Redford claims he would not have produced the movie if it were a straight historical narrative, though. He was intrigued by the unique parallels it has to today’s world. While he says there are certainly political ramifications for present day, Redford would like the audience to discover these insights for itself. He believes political propaganda would’ve hurt the film, because it’s more about the story and characters.

Is The Conspirator worth seeing?

On their website, The American Film Company states that it is “founded on the belief that real life is often more compelling than fiction.” The Conspirator’s retelling of history shows this belief to be well-grounded. The film makes history come to life in a way that pleases the eye, stimulates the mind and moves the heart.

The cinematography, dialogue, settings and cast alone make the film worth seeing. The actors are fantastic and believable. They successfully play on a range of emotions, making the viewer laugh at one part, cry at another. The historical landscapes the team recreated are vivid, beautiful and raw. Redford’s use of lighting throughout the film is incredible.

The story is the real clincher, though. It is informative, teaching the audience the little-known but important events following a well-known trgedy. It is moving. It is relevant.
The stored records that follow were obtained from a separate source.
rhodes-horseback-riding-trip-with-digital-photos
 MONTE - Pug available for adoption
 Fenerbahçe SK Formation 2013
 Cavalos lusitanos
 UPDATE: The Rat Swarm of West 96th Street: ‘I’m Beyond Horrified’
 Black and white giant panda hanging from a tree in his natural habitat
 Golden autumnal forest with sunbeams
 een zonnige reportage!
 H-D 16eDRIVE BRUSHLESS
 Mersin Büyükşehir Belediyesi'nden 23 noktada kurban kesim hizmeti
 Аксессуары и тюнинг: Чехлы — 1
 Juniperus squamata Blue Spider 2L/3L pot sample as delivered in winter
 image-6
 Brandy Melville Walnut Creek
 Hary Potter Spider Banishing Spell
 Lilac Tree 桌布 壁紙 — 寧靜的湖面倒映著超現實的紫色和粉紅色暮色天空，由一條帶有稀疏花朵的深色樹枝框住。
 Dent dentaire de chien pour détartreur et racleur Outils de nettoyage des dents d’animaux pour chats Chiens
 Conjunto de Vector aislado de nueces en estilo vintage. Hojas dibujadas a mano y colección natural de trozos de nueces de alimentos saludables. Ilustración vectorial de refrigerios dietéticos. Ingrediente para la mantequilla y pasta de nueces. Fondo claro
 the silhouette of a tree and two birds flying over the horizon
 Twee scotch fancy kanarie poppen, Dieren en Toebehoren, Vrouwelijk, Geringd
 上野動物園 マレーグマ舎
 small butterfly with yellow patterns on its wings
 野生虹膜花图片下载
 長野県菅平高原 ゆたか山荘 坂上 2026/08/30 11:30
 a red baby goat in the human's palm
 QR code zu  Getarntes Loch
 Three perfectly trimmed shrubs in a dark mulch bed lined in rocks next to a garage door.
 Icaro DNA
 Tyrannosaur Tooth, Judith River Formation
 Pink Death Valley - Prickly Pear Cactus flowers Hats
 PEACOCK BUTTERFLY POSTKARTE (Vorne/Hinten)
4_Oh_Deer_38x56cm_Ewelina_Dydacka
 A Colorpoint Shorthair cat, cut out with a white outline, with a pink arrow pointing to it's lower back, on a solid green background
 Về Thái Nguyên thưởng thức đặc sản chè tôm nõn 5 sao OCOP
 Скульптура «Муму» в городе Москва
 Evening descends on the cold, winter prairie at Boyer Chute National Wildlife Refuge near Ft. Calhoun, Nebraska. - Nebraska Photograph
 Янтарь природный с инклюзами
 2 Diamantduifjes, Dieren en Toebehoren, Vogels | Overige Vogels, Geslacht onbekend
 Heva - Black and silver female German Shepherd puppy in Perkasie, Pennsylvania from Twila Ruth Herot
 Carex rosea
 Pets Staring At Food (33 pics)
As the plot, characters and scenery pull the viewer into the past, he or she may suddenly find him or herself to have been viewing the present all the while. Having experienced another national disaster in 2001, Americans may be able to identify with the hurt, anger and indignation of the people and government officials in the movie. The question is, how far can those feelings take us in the quest for justice? Do they help or hinder it?

The Conspirator brings up important questions about justice, faith and politics, that are beneficial for anyone and everyone to ponder. The viewer will be entertained and enriched.